Key Value Store or Key Value Database
Key values can be string, integer, list, objects, etc. Value is treated as an unknown object in key-value store. Some examples of Key-Value stores are Memcached, Redis, etc. Kay value databases are highly partitionable and can be scaled horizontally to large extent compared to other databases.
- put(key ,value) : Adding key with value to the key-value store
- get(key) : Get value associated with key
- High Scalability: It should be able to handle sudden increase in load without issues by increasing instances.
- Consistency: It should provide consistent and correct response always.
- Durability: Data loss should not be there in case of network issues/ partition failure.
- Availability: It should be highly available and as per CAP theorem it should be CP system i.e. Consistency should take precedence over availability.
CAP Theorem
CP (Consistency and Partition Tolerance) systems: A CP system delivers consistency and partition tolerance at the expense of availability. When a partition occurs between any two nodes, the system has to shut down the non-consistent node (i.e., make it unavailable) until the partition is resolved.
AP (Availability and Partition Tolerance) systems: An AP system delivers availability and partition tolerance at the expense of consistency. When a partition occurs, all nodes remain available but those at the wrong end of a partition might return an older version of data than others. (When the partition is resolved, the AP systems typically resync the nodes to repair all inconsistencies in the system.)
CA (Consistency and Availability) systems: A CA system delivers consistency and availability across all nodes. It can’t do this if there is a partition between any two nodes in the system, however, and therefore can’t deliver fault tolerance. Since network failure is unavoidable a distributed system must tolerate network partition. CA system can not exist in ideal real-world distributed applications.
Which one to choose now CP or AP?
If consistency over availability is chosen then system must block all the write operations active nodes incase of anyone node going down to avoid data inconsistency. Thus system will be unavailable till the impacted node is up and running. For example : In case of banking applications high consistency is one of the major requirements so account information is provided accurately.
If availability over consistency is chosen then system will keep accepting reads even if it returns stale data. System will keep accepting writes at working nodes and data will be synced to node that is down once network partition is resolved.
Single Server Simple key-value store system
Creating key-value store for a single server is easy to understand as you will store the key-value pairs inside hash tables with everything stored will be in memory. Even if accessing data from memory is fast but saving everything in memory will be impossible due to space limitations. Still, for a single server there can be few optimizations done in order to fit more data such as: Instead of storing everything only store frequently used data in memory and rest everything in the disk, you can also compress your data before saving it in memory to save some space.

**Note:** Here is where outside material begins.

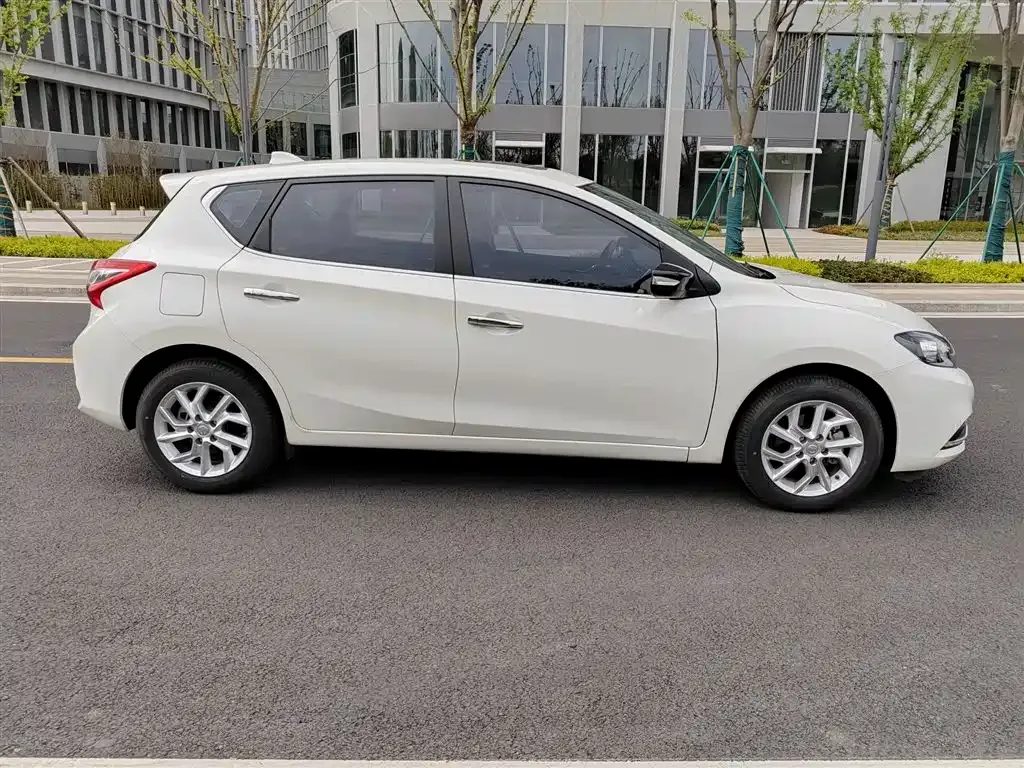 Nissan Tiida — фото 10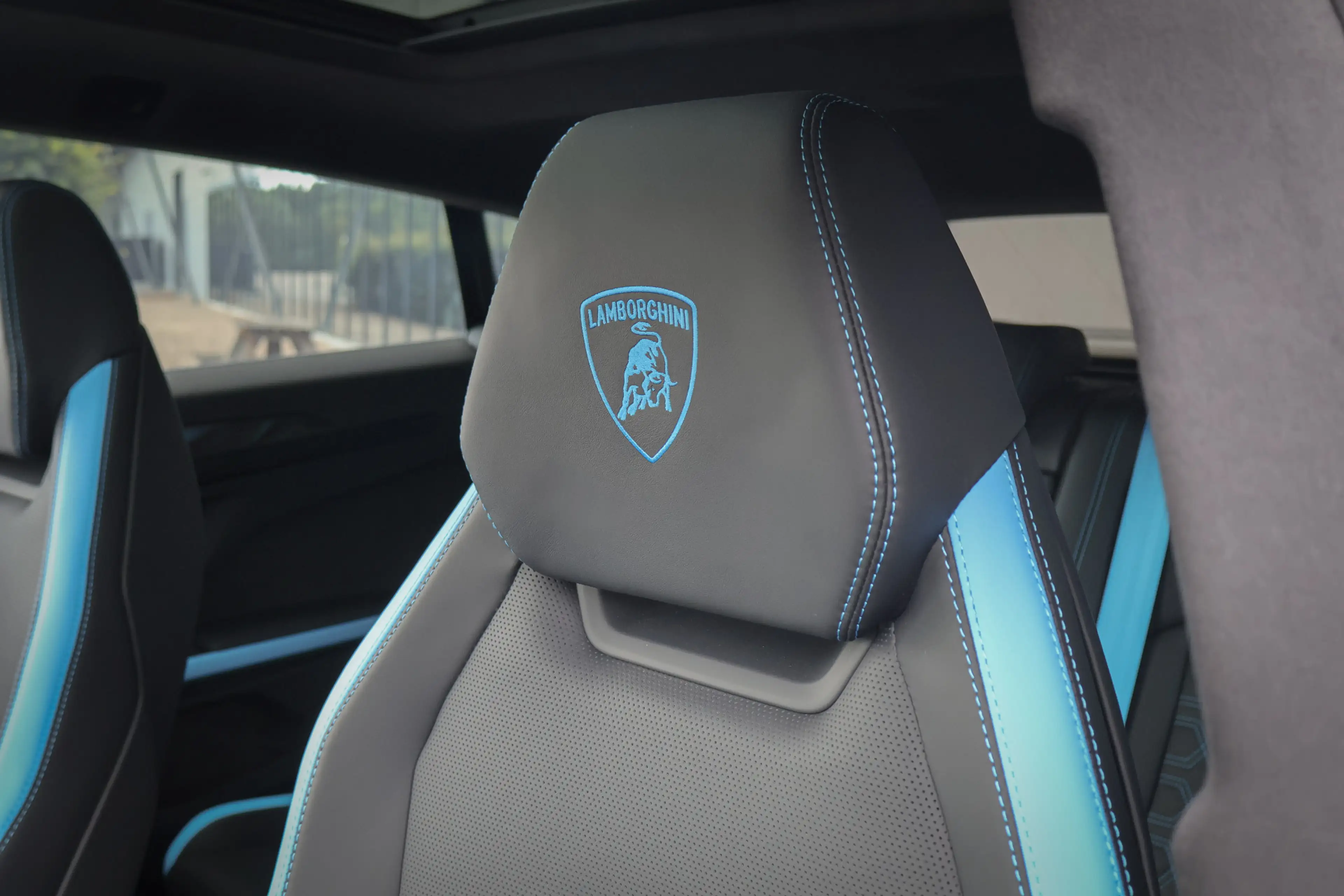 Lamborghini Urus 4.0 V8 Hybrid SE | ADPATIVE | AKRAPOVIC | TREKHAAK — photo 31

Due to space constraint single server can’t be used for highly scalable distributed systems.
Distributed key-value store system
Distributed key-value store/ distributed hash table distributes key-value pairs across many servers.
Various components to build a key-value store:
- Data Replication
- Data Partition
- Consistency
- Failure Handling
Data Replication
Data Partitions
In large scale applications data can not fit inside single server and usually data is split into multiple partitions served across multiple partitions. We need to solve these challenges associated with data partitioning: Minimizing data movement when the number of nodes change and Distributing data evenly across multiple nodes. Good part is consistent hashing can be used to solve both these problems as it provides advantages such as: automatic scaling (Adding and removing servers based on load) and diversness (Number of virtual nodes to be allocated are proportional to the server capacity).
Consistency
As data is present across multiple servers/nodes thus synchronizing data between all the replicas is important. For example we have A2 replica for A1 machine now how can we be certain that both machines contain same data always? When adding a new data inside we must update both the machines but what if one of the fail write operation? As a result data will not be consistent in both the machines. Consistency can be achieved using some techniques such as:
Keeping a local copy at coordinator (proxy between client and nodes) incase update operation fail it can retry it.
Maintaining commit log such as in git, each node machine will record a commit log for each transaction. So before updating entry in machine A, we have to go through commit log first. A separate software will process all the commit logs and recover if an operations fails since we can look at the commit log.
Failure Handling
Client communicates with key-value store API endpoints : get(key) and put(key,value). Coordinator node acts as a proxy between client and the key value store. Nodes are distributed in a ring using consistent hashing. Data is replicated at multiple nodes. There will not be any single point of failute as every node has same responsibilities. Tasks performed by each node include: Failure detection, conflict resolution, replication, detection and resolution, etc.
Write and Read Paths
If data is not present in memory, it will be retrieved from the disk. Bloom filter is used to fetch data from SS Tables efficiently.